While working his first company, J&W Foods, Schafer also worked at many local restaurants in the Baltimore area, including Gibby's, Chiapparelli's, and Tully's. At one point in life, Schafer obtained his Commercial Driver's License and considered a change of career from the hectic concessions business, but disliked the long time away from his family during a stint with Schneider.

Schafer's family dedicates Mother's Day to raising money for Bell Socialization Services' family shelter in York, Pennsylvania.
Schafer also ran a several-year scholarship for Kenwood High School in remembrance of Anna Stickel, a young teen (he had never met) who was hit crossing the railroad tracks in his home town of Baltimore, to raise awareness.

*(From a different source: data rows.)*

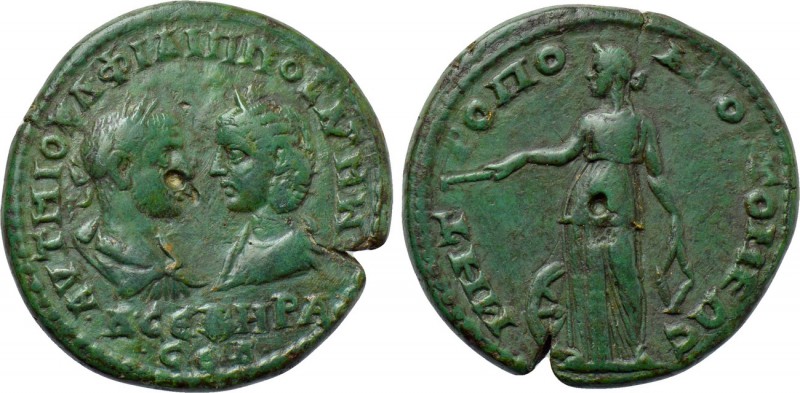 MOESIA INFERIOR. Tomis. Philip I the Arab with Otacilia Severa (244-249). Ae Tet...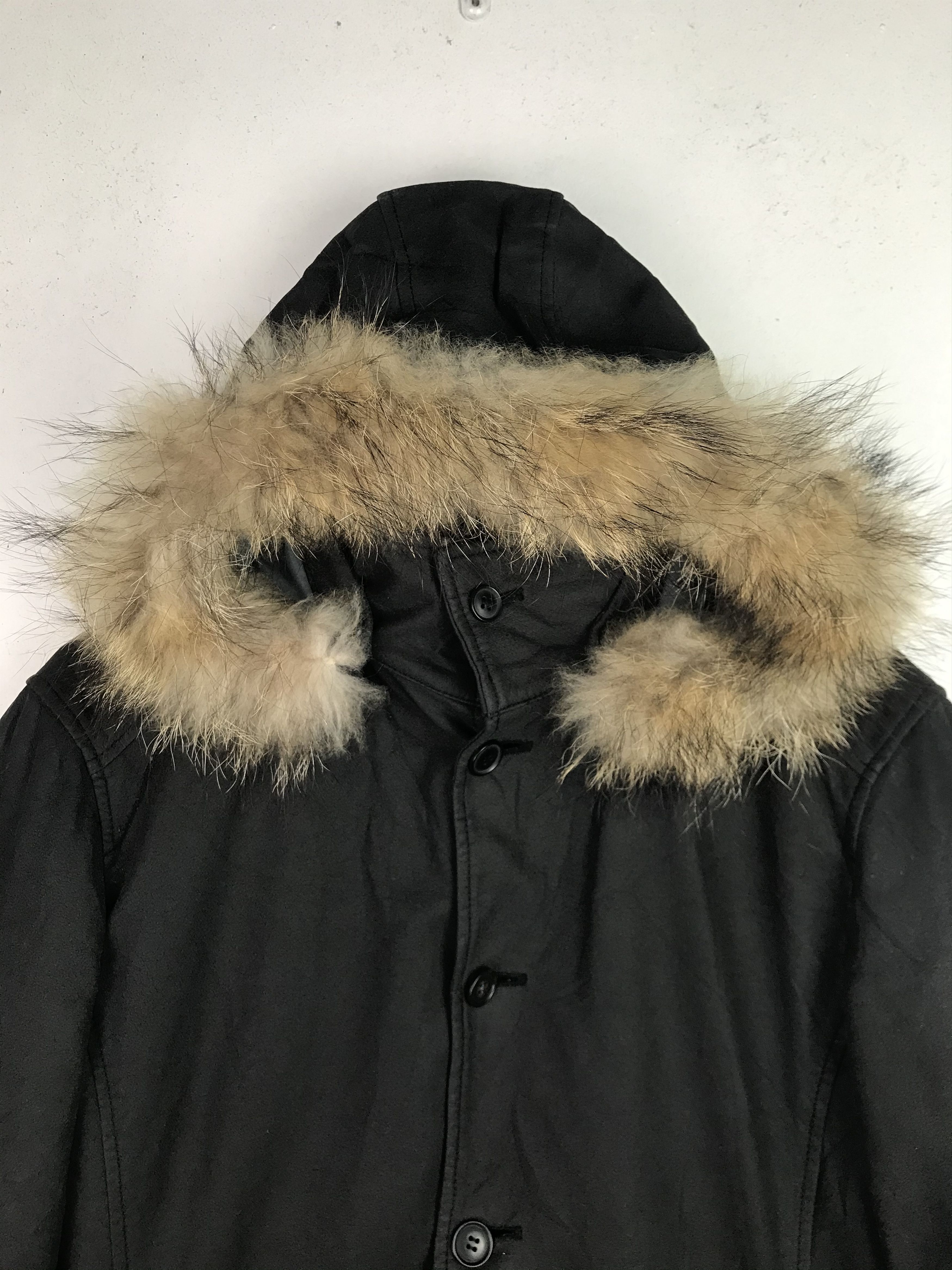 Calvin Klein Vintage Calvin Klein Homme Mohair Parka Jacket Size US M / EU 48-50 / 2 - 3 Thumbnail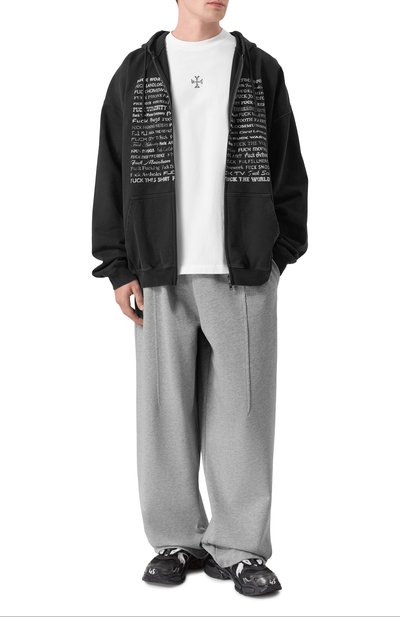 Женские хлопковые брюки VETEMENTS, арт. ME76SP208G/1302 M0LLET0N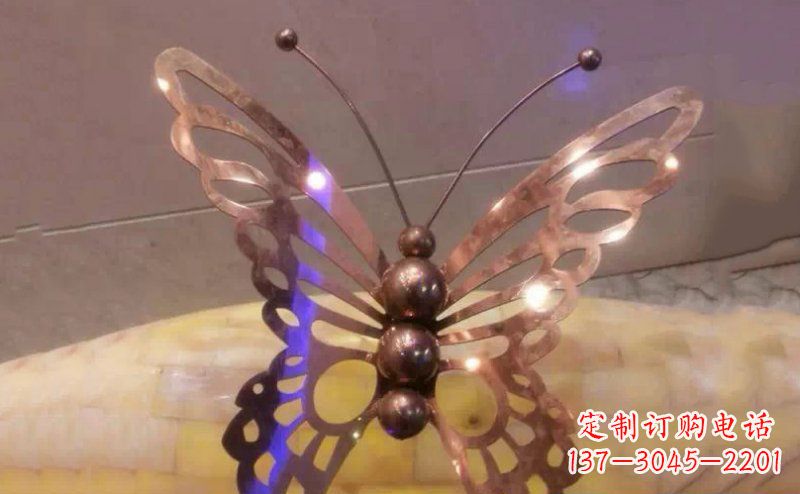 高品質不銹鋼蝴蝶雕塑
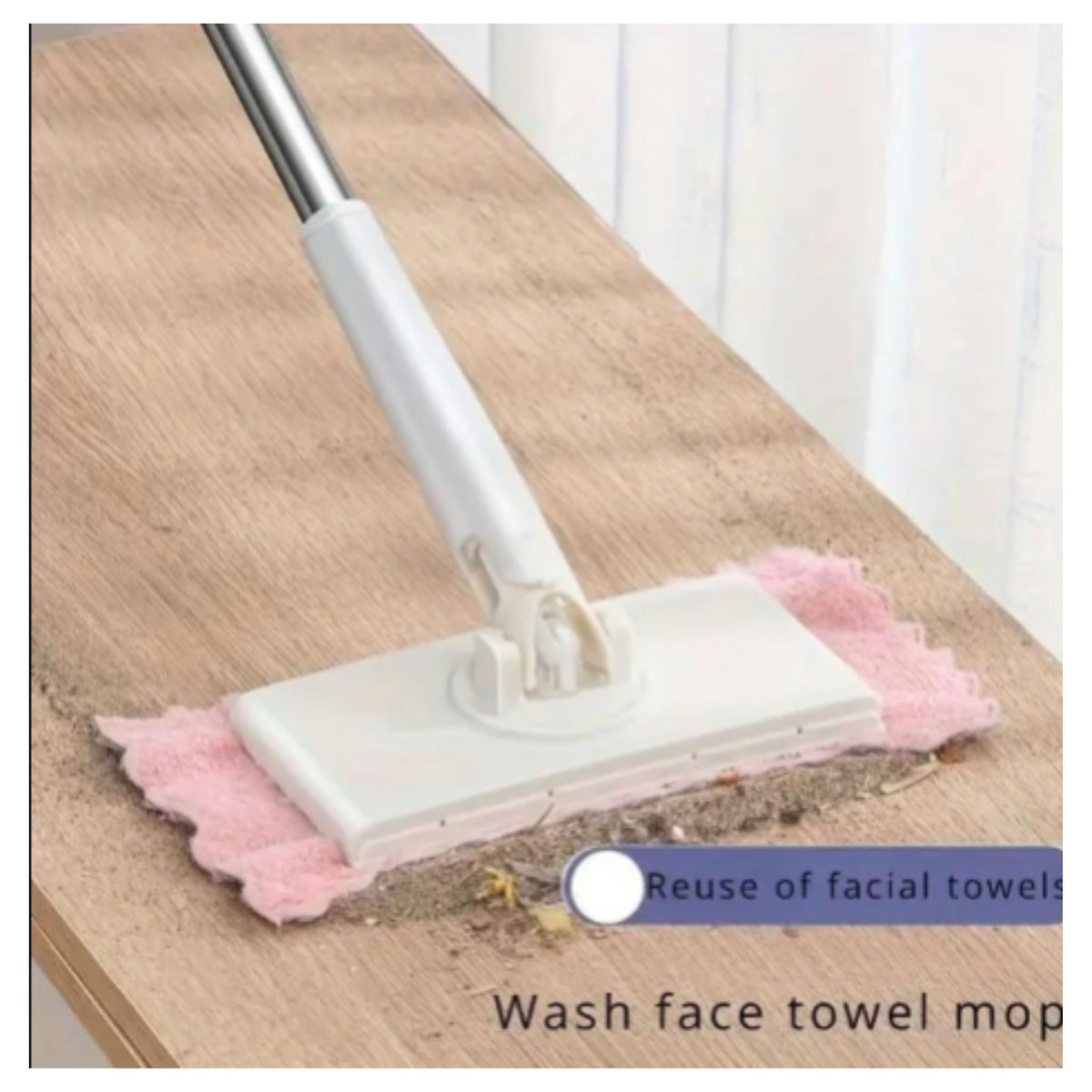 Easy-Clean Mini Mop With Auto Cloth Grip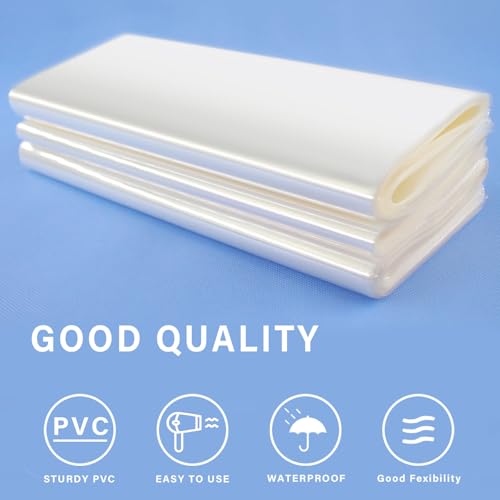 Morepack 200 Pcs 5x6 Inches Clear PVC Shrink Wrap Bags
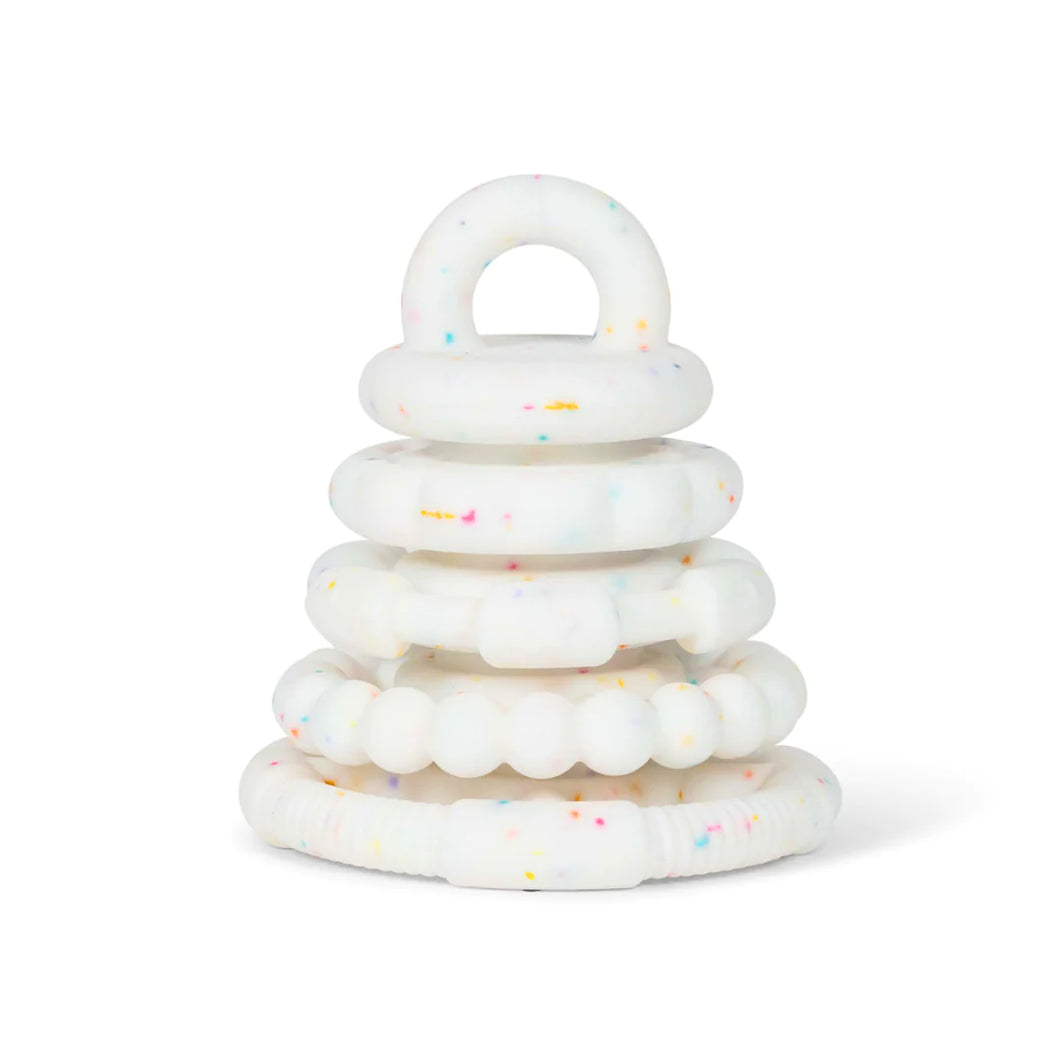 RAINBOW STACKER AND TEETHER TOY - Sprinkle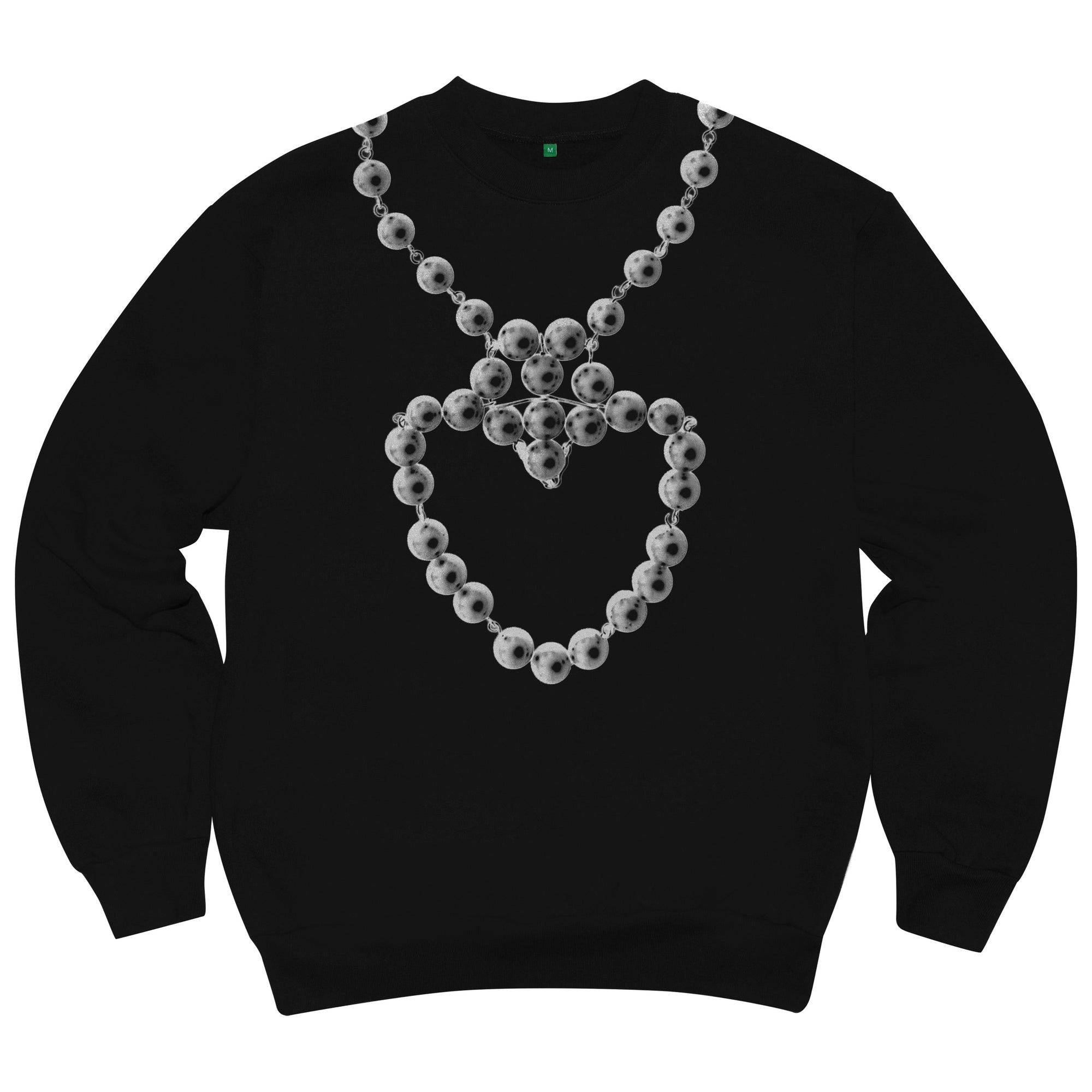 B.eautiful X Leo Gon’do Heart Chain Crewneck | Heather Grey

Schafer is a fan of the Baltimore Orioles and Baltimore Ravens. He cooks for enjoyment and although he is a lifetime member of the Kansas City Barbeque Society and Mid Atlantic Barbecue Association, he does not compete due to his hectic work schedule. He enjoys fishing and boating.

Schafer has three children from previous marriages. He resides in Baltimore, Maryland, and Danforth, Maine, with third wife Cindy Fahnestock-Schafer, also known as artist and book author Ira Mency.